And every single fight’s alright/with my brain I just want to feel everything
– Fiona Apple

The 6am car rides. The piercing, promise of the clear blue sky and another day wasted. The GWB. The 12 dollar toll. The 25 dollar parking lot. Columbia Presbyterian Hospital, O, Castle of Miserable, of clinical depression, my twenties and staggering convulsions of darkness. 8th floor, Neurology, The Epileptic Monitoring Unit, with its polished hardwood hallway floors that no patient could appreciate, tethered to the wall by a tangle of electronics, sanctioned to the bed by guard rail for safety, emergency cords and alarms.

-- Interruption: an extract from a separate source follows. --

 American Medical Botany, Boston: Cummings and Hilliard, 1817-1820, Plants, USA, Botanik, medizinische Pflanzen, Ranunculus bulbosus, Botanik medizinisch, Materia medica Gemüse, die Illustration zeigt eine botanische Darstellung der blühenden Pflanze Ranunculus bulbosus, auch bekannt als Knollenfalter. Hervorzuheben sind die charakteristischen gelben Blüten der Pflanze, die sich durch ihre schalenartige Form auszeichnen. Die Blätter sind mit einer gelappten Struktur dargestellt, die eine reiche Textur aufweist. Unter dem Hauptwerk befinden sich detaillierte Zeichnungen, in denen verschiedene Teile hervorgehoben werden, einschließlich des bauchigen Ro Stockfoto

Home of the wires, the glue, the air guns, the always acetone smell. The crying children, the pulled hair, their haggard mothers praying over their sleeping bodies. The hall always whispering with 24 hour cameras, transfers, the whirring and clicking of the CT scans, the burn of nuclear medicine. The acronyms: PET scans, SPECTS scans, WADA test, VNS implant. No privacy, a tendency to seize in the bathroom, Sorry, we’re short staffed, we have to help who we can get to first. View of the Hudson; same room twice irony, summers smell like stale air conditioning and hospital cleaner, all the meals boiled and never quite reaching my mouth. IV in my left arm. Can’t write. Bruises, nausea, withdrawal, the pounds lost, shaved head, the steel spike migraines. Readmissions. The first DNR. Always Fox News. Vonnegut dies. 15 doctors a day and always alone. My mother asleep in a chair, no spare pillows making do for 19 days and always alone. Keeping myself up flipping through the same 13 channels at 2 AM, watching American Gladiators reruns, laughing at what we thought was strong because sleep deprivation, alone. Fifth medication failure asking God why and getting no response, alone. Recurring nightmares surgical steel shining and MRI backlit, alone. My now husband there every day, holding my hand every time I go into the dark, every time I lose consciousness. Still there are no words for lungs that clench closed, a throat that fills with concrete, the words I love you frozen in a mind that only hears ringing, sees colors as my brain give into the misfiring electrical current running it rampant. I go into every seizure always. Alone.

 


SaraEve Fermin

Born and raised in New Jersey, SaraEve is a performance poet and epilepsy advocate from Union City. She is currently the editor-in-chief of Wicked Banshee Press (2014) and has competed in the 2013 Women of the World Poetry Slam. She now features and competes locally, regionally and nationally and is a regular volunteer at National Poetry Slam events. A member of the Poetry Slam Inc. Advocacy Group, SaraEve has facilitated workshops on Performance Poetry and Invisible Illness on both a local and national level. Her work can be found in Ghost House Review, Red Paint Hill Quarterly, Free Verse, Transcendence and Swimming With Elephants ‘Light As A Feather’ Anthology. A Stephen King nerd, she is currently involved in a 100 submissions challenge. Learn more here!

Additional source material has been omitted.